About an hour after I started I had gained about 1,300 ft in elevation and gone over 3 miles when I came to a valley ahead of me. It looked a lot further down that it was. I could see the roadbed making its way through the valley below and knew I had to follow the road down. I hate losing elevation on the climb to the summit, but sometimes it’s unavoidable. It was cold out and there were some snow patches around. Crossing the little valley there was more snow down there and frozen water from snow melt. I kept going enjoying the scenery and the hike. The roadbed made the hiking easy and the slopes were not steep.
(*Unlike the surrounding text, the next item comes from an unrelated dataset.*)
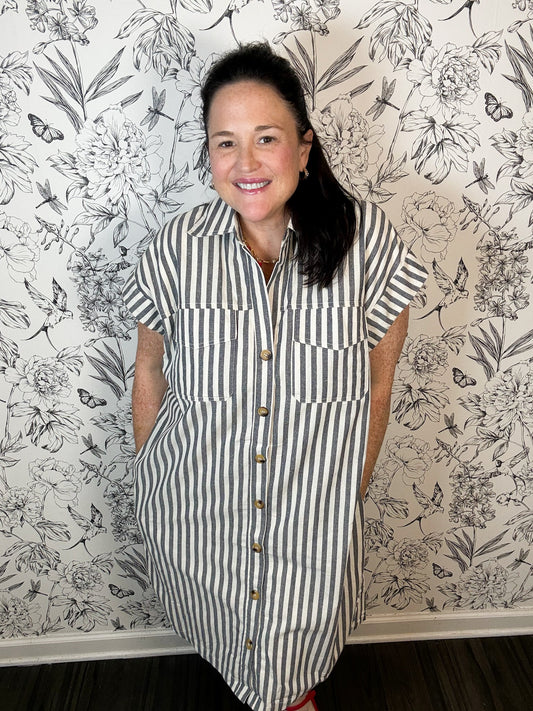 gray and ivory stripe midi dress CURVY SHE & SKY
On the far side of the valley the road wandered around some and as I gained elevation again, the snow patches became more like snow cover. No one had hiked this route since it snowed so I was breaking trail in spots. The route wandered around and on the east and north facing slopes there was considerably more snow. I crossed a second valley before coming to a final 3rd valley before I could see the final mile or so up to the summit. Mostly, it was easy to follow the roadbed in the snow because of the pattern of the tire tracks that aren’t natural to the desert. Amazingly, there were a few places where the desert had completely reclaimed the roadbed and I had to search for where the road continued.
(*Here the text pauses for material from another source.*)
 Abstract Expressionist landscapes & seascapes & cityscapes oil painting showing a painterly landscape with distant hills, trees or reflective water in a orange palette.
These little valleys were annoying, but at least I was out hiking instead of watching Saturday morning cartoons. After the final valley, where I lost about 200 ft in elevation, the route was completely covered with snow. In places it was 12” deep and the top of the snow was hitting me in the middle of my shins. I took my time and slowly made my way up to the summit. The road ends on the summit right next to the summit cairn and the summit register. I signed the register and ate lunch. My GPS indicated it was about 7.8 miles back to my truck. The Trip Reports I had read from a popular desert hiking book and the Sierra Club Desert Peaks Section said this route was only about 13 miles round trip. They must have taken a shortcut somewhere.
It is always easier for me to hike downhill in snow, so I made good time going back to the trailhead. The total hike took me 8.0 hours and I gained 3,940 ft in elevation on this 15.6 mile hike. This is a great place for solitude. I didn’t see another hiker all day and had the whole mountain to myself.